**What is required**
Output the lines of the records from the one containing "Frank Miller |" through the last, both ends included. Leave pictures out.

**Entries shown**
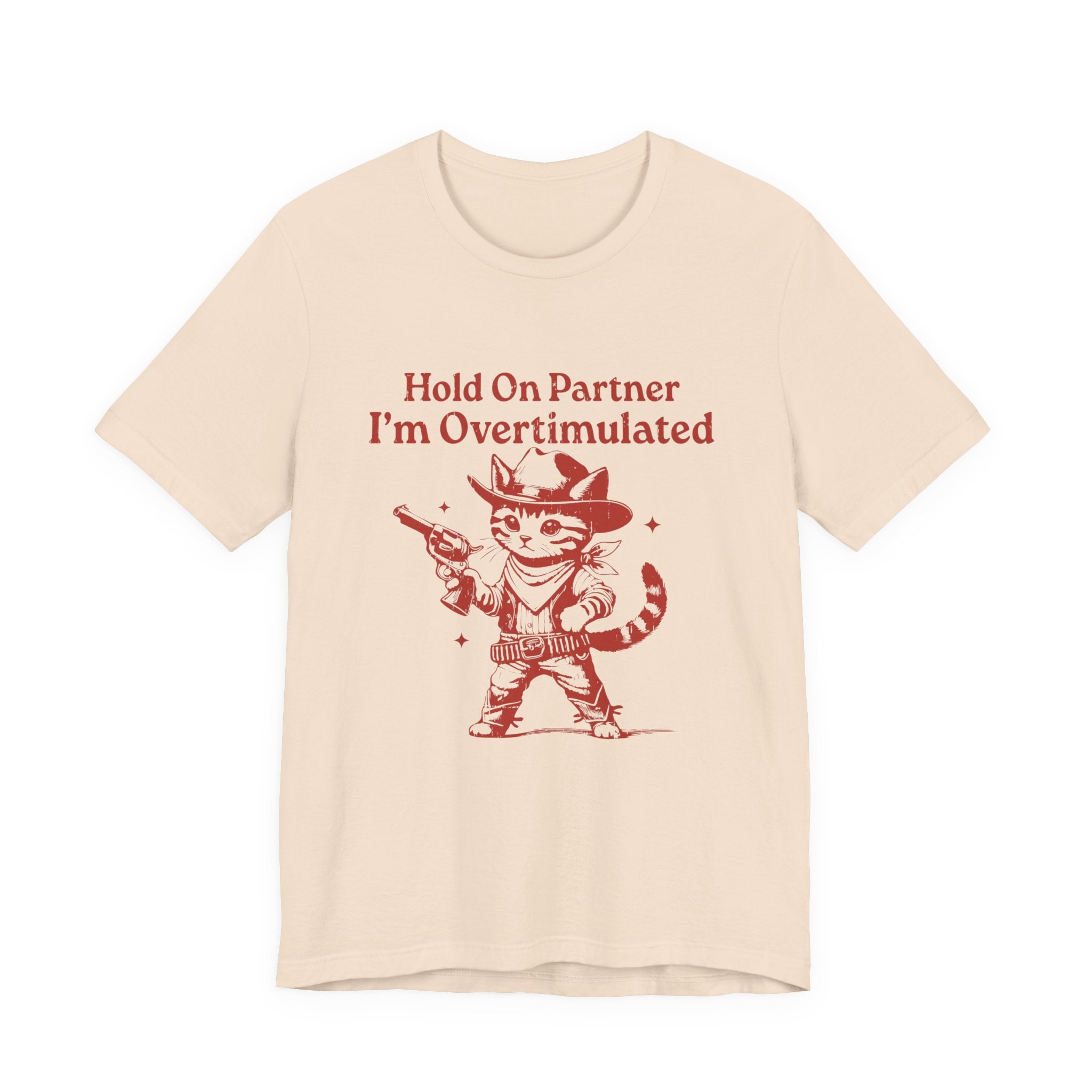 Cowboy Kitten Shirt, Western Kitten Shirt, Kitten Shirt by PopCultureByDesign36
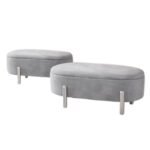 Banqueta com Arrumação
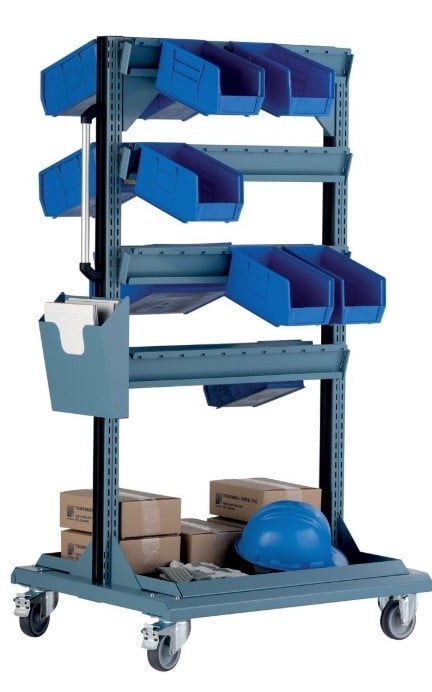 Freestanding Station-Rousseau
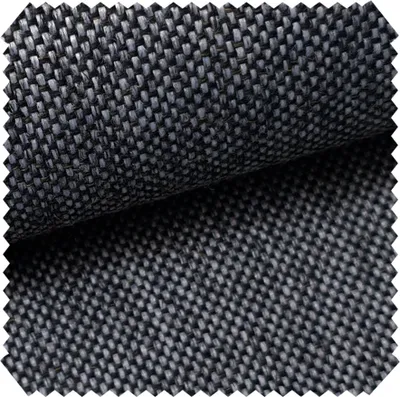 Produktbild von novely® LARISO - Gewebter Polsterstoff - Melierter Möbelstoff - Flachgewebe - Meterware 1lfm - Farbe: 98 Graphit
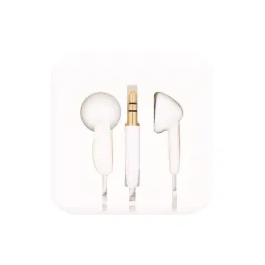 TNB Auriculares Jack con cable POCKET blanco Precio: 4.99488726. SKU: B1FCH7R48H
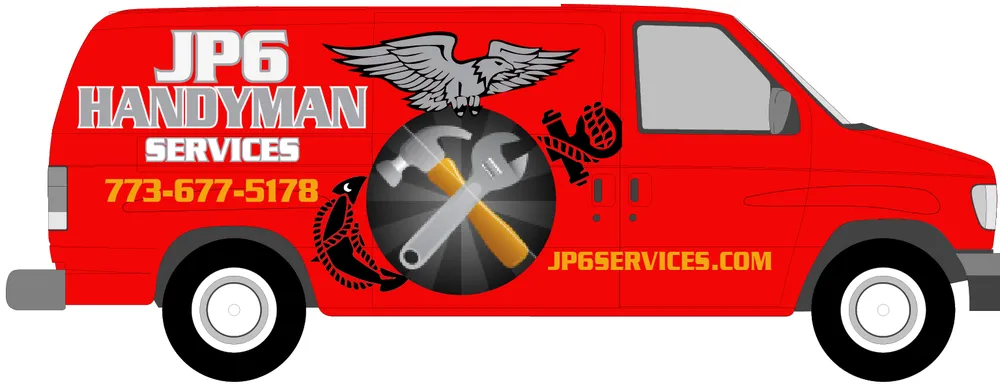 Slide of JP6 Enterprise Handyman Services, LLC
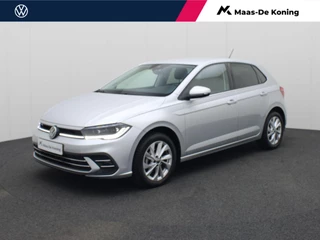 Volkswagen Polo 1.0TSI/95PK Style · Navigatie · Matrix-LED · Garantie tot januari 2027 of 100000km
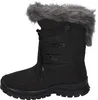 Westland Grenoble 02 Damenschuhe Stiefel Schnürer Schwarz Produktbild-Vorschau 13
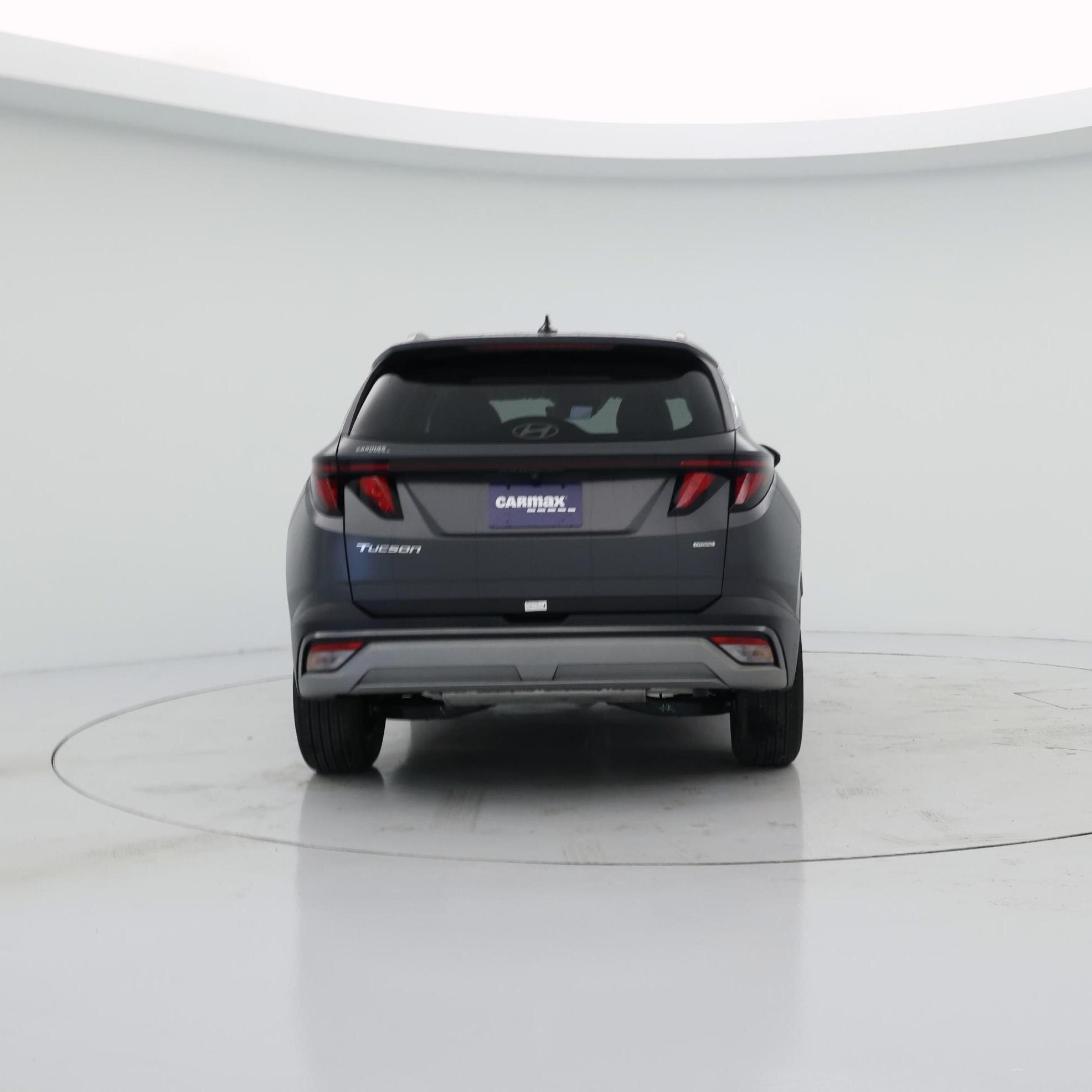 Thumbnail: 2025 Hyundai Tucson - 6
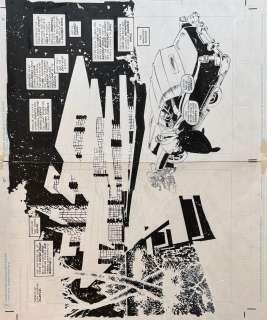 Frank Miller | Sin City Family Values 2DPS | El Arte Del Comic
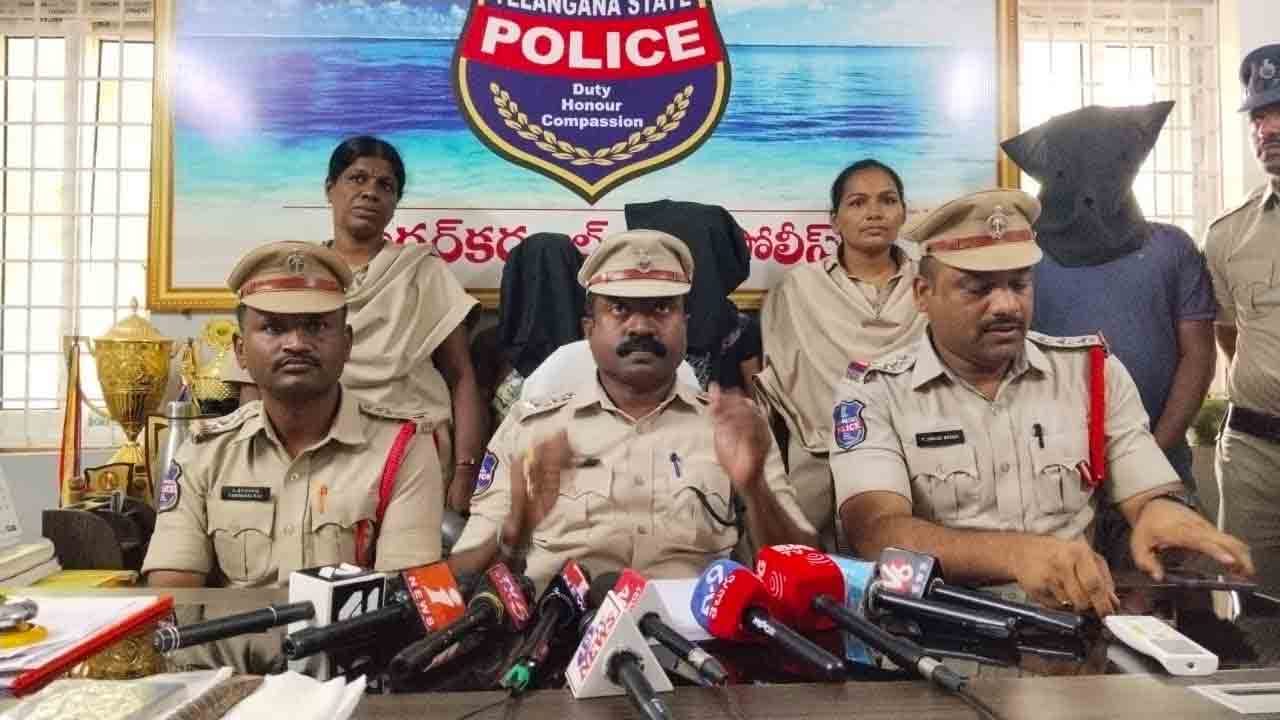 యాదయ్యను హత్య చేసింది కుటుంబ సభ్యులే..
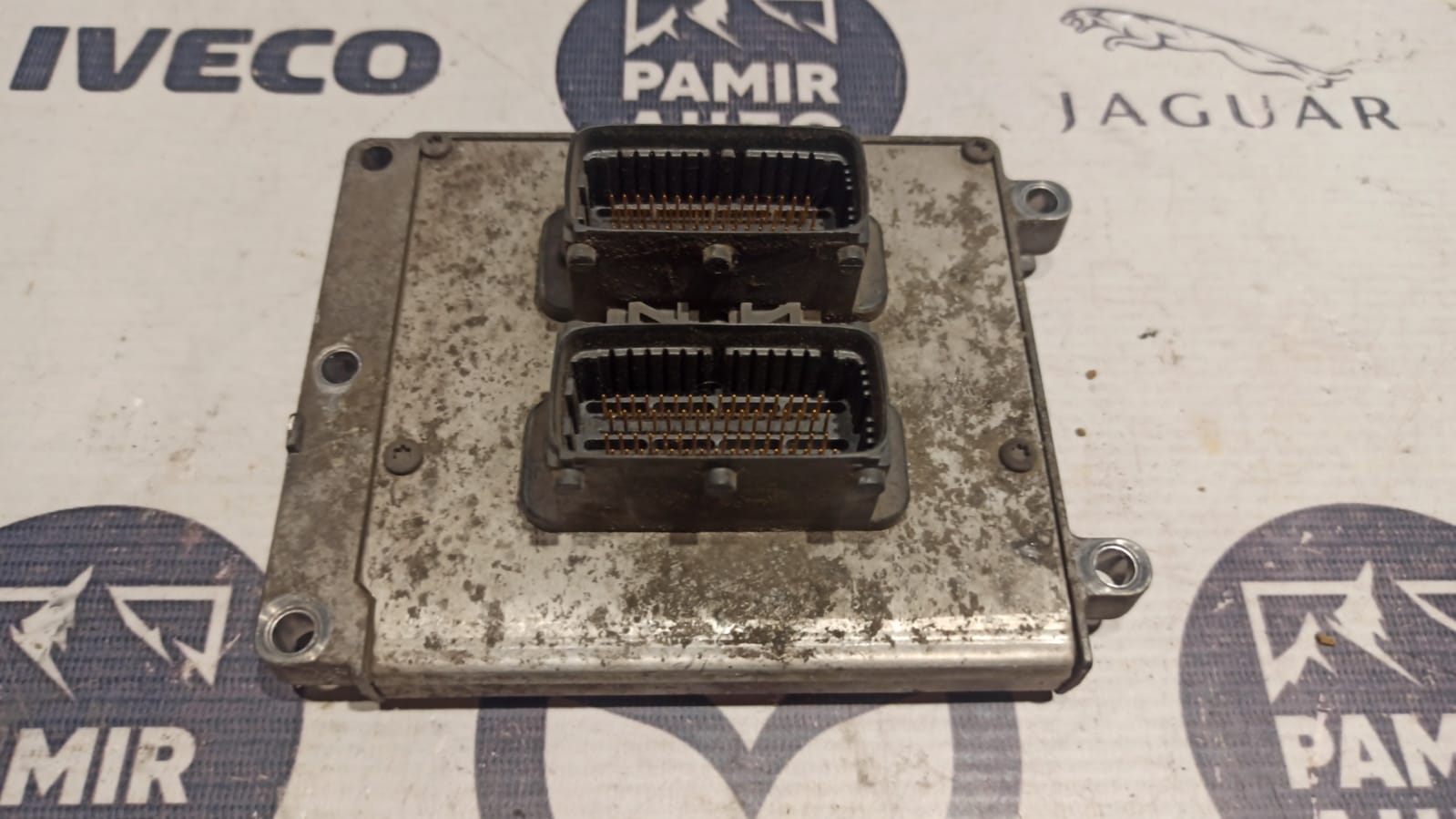 Блок управления двигателем Opel Vectra/C 2002-2008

**Solved problem**
 Frank Miller | Sin City Family Values 2DPS | El Arte Del Comic
 యాదయ్యను హత్య చేసింది కుటుంబ సభ్యులే..
 Блок управления двигателем Opel Vectra/C 2002-2008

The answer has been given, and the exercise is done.